### Exercise material

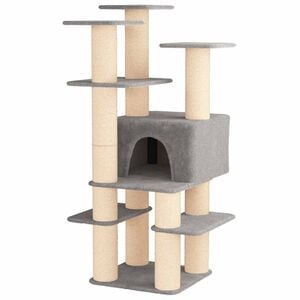 vidaXL Kočič&iacute; strom se &scaron;krabac&iacute;mi sloupky sisal Světle &scaron;ed&aacute; 161 cm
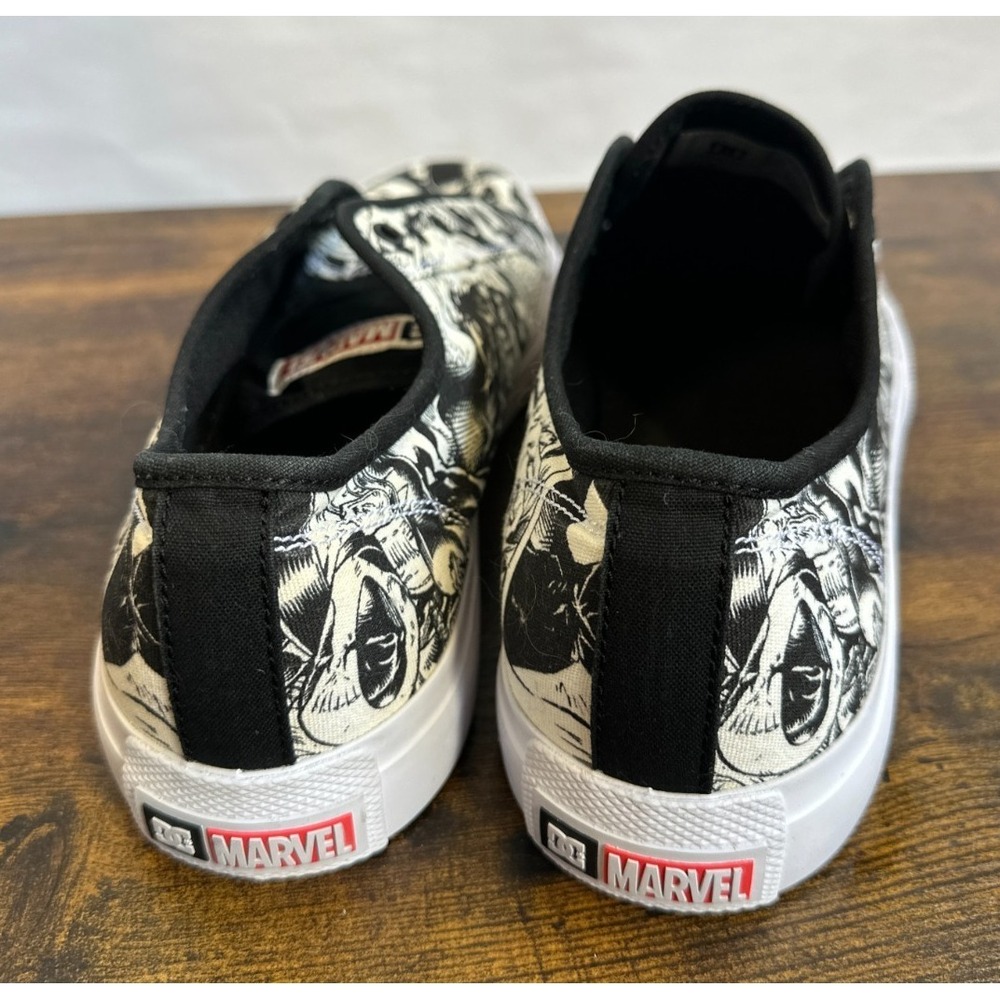 DC x Marvel Deadpool DP Manual Skate Shoe Black White Comic Men's 11.5 *No Laces - Picture 6 of 15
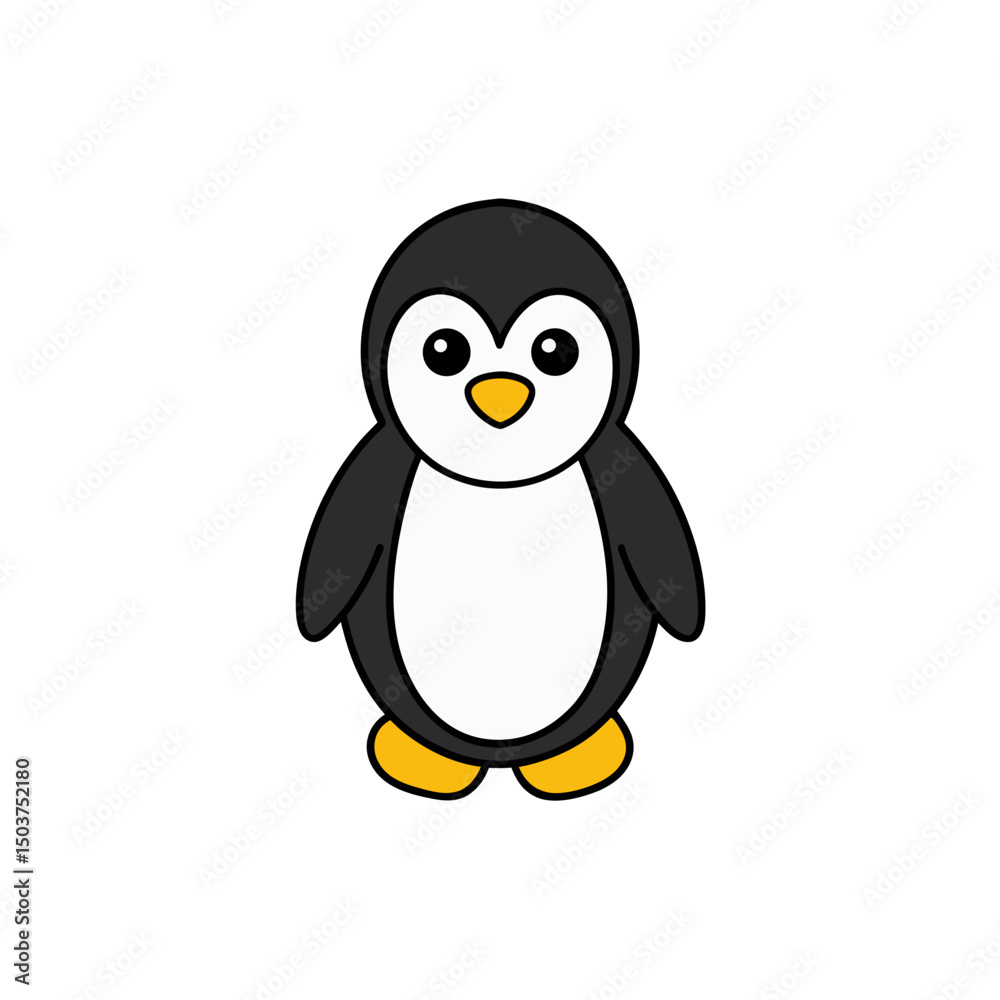 Happy Penguin Doodle Vector Clip Art on White Background for Designs Happy Penguin Doodle Vector Clip Art on White Background for Designs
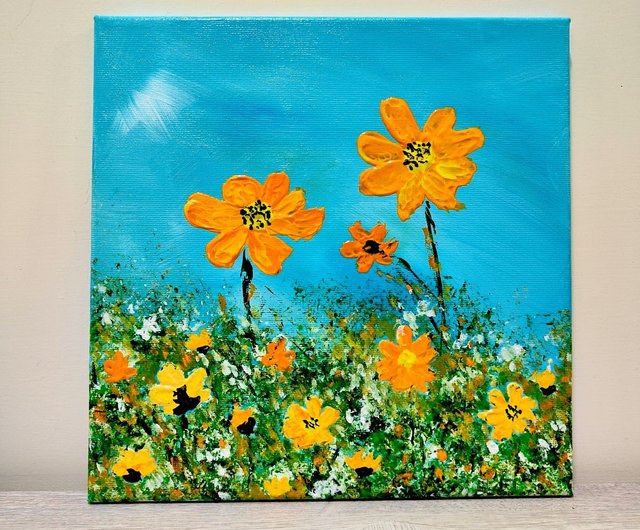 台湾 【夏を家に持ち帰る】黄色のコスモスのキャンバスアート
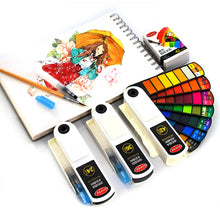 Carregar imagem no visualizador da galeria, Professional18/24/36/42 Colors Conjunto de Tinta Aquarela Sólida Pigmento Aquarela com Pincel de Água Caneta Para Materiais de Arte Escolar
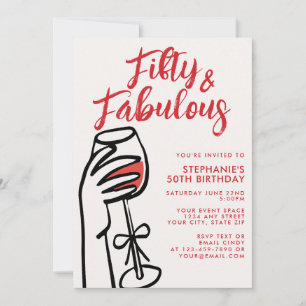 Convites Cinquenta & Fabuloso Vinho Tinto Desenhado à Mão A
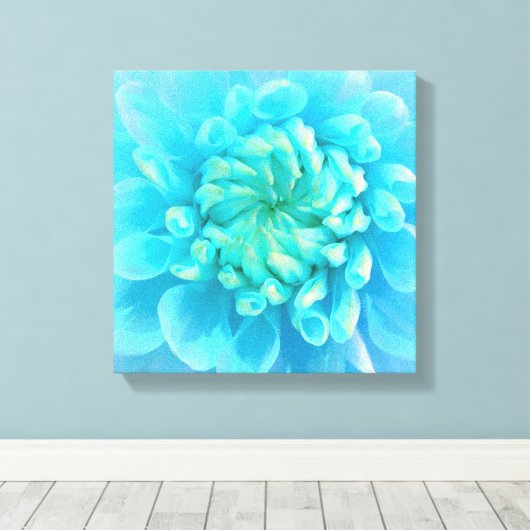 Blauwe Turquoise Flower in Waterverf Canvas Afdruk (Insitu (Houten vloer))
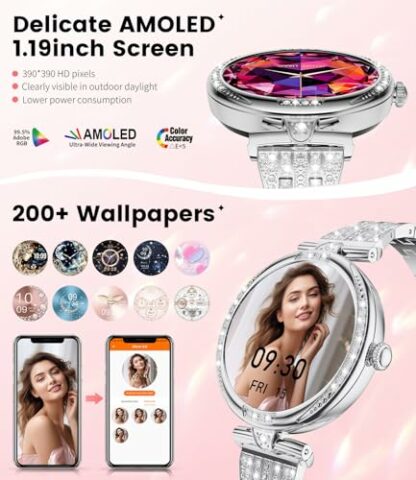 FEELNEVER Women's Smart Watch with Bluetooth Calling, 1.19 Inch Smart Watch with Sleep Monitoring Heart Rate Pedometer Calories 123 Sports Modes, IP68 Waterproof,FV4 4 FEELNEVER Women's Smart Watch with Bluetooth Calling, 1.19 Inch Smart Watch with Sleep Monitoring Heart Rate Pedometer Calories 123 Sports Modes, IP68 Waterproof,FV4 - Image 4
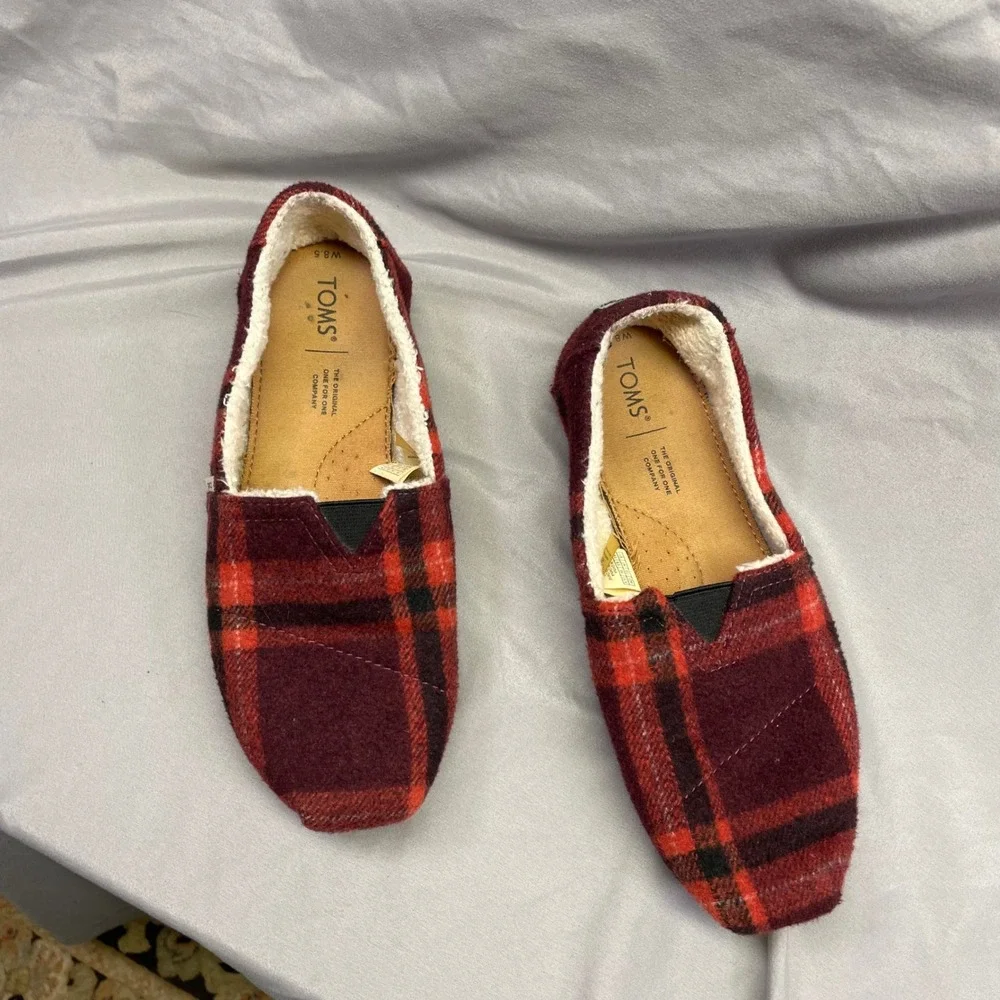 TOMS Womens Alpargata Red Plaid‎ Wool Faux Shearling Lined Slip On Shoes 8.5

######

Brief - Transcribe the entries above exactly, from their first line through the line with "DC x Marvel", and omit all pictures.

Your solution -
 vidaXL Kočič&iacute; strom se &scaron;krabac&iacute;mi sloupky sisal Světle &scaron;ed&aacute; 161 cm
 DC x Marvel Deadpool DP Manual Skate Shoe Black White Comic Men's 11.5 *No Laces - Picture 6 of 15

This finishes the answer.